#718 [F38] Gnome Test Week
Opened 2 months ago by sumantrom. Modified 13 days ago

This tracker is for F38 Gnome test week

GNOME 44 beta was released on 11 February and is almost in stable. Now is the perfect time to run the test week - can we organise that?

cc @amigadave @kalev

It would probably be good to do this as soon as possible now that the 44 beta update made it to stable in F38: https://bodhi.fedoraproject.org/updates/FEDORA-2023-489f1e935f

Next week maybe? I am myself gone for the first half of next week, but it's all amigadave doing the packaging work this cycle so I think it's fine if I'm not around.

Metadata Update from @kparal:
- Issue assigned to sumantrom

a month ago

Metadata Update from @kparal:
- Assignee reset

a month ago

Metadata Update from @kparal:
- Issue assigned to sumantrom

a month ago

So we have a lot of test week (i18n , kernel) happening from 7th ... dnf 5 will be a test day post 14th March. Lets pick a date soon. I would have to wrap all the announcements and re-look at test cases!!

I suggest we do two test days, one for GNOME desktop + major apps, and the second for smaller-and-often-problematic apps (calendar, photos, maps, etc).

We recently did some work to update the workstation test cases - see https://pagure.io/fedora-workstation/issue/310 . These are now divided into core desktop features and default apps.

Last cycle we had an issue with there being too many tests in each section on the test page. It would be good to avoid that this time round. We'll need to be selective about which tests to include.

It would be great to have an opportunity to review the test day results page before the event!
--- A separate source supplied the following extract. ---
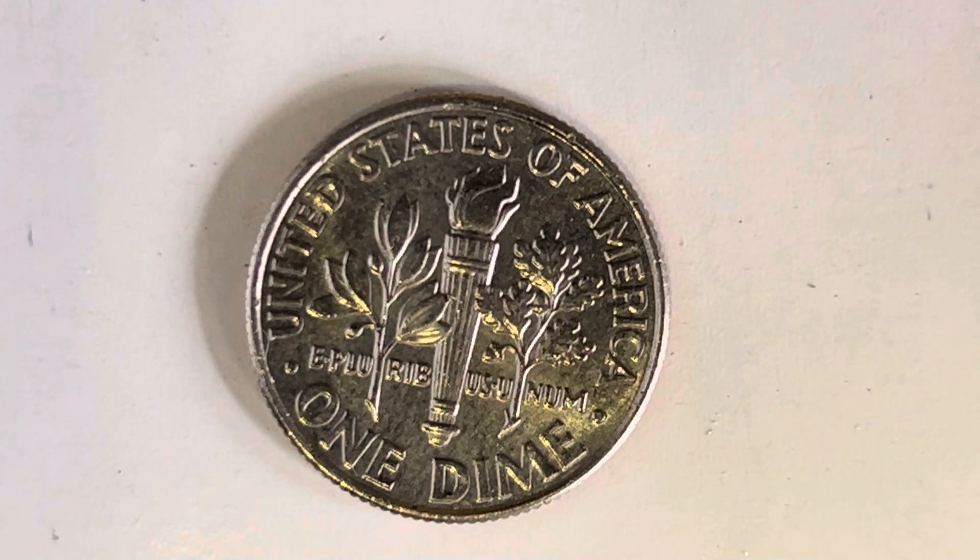And as we enjoy the tail side of this beautiful coin together, we see United States of America, E Pluribus Unum, One Dime. This coin will never drop below the value of one dime.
We concluded we'd do two test days: 1. desktop + major apps, 2. smaller problematic apps. The first one on Mar 6-8, the second one Mar 9-10. @sumantrom will create test day skeletons asap, so that we can review the sections and their test cases.

Major points:

  • We want only a few test cases per section, to make the results readable.
  • We want people to join Workstation IRC/Matrix channels instead of our general test-day channel.
  • We want to heavily emphasize that people should file upstream bugs, instead of just leaving comments in the testday app.
  • We want to emphasize exploratory testing, so that people don't just follow the instructions in that test case and call it done.
  • We (both QA and Devel) want to be more active on IRC/Matrix channels to guide people, which will reduce clutter in the results comment section and we can also better nudge them into reporting issues upstream

@sumantrom created the following pages:

There are way too many apps in the second test day. I'll try to help to adjust it to match the goals mentioned in my post above.

I think I've finished editing the two wiki pages. Hopefully I've improved the discussed areas.

@aday @kalev Please extend the "Who's available" section with more developer names. One or two more would be great, ideally covering the timezones a bit.

There's a section on new noteworthy features. If you think something could be mentioned, so that people are aware of it even though we don't have a special testcase for it (for example, it seems that app focusing has been redone lately in shell/mutter), please update it, otherwise we can remove that section.

I'm happy to see any other feedback as well, or feel free to directly edit it, those are your pages.

I'll continue looking at the test cases and polishing them, it seems some of them need quite a lot of touches.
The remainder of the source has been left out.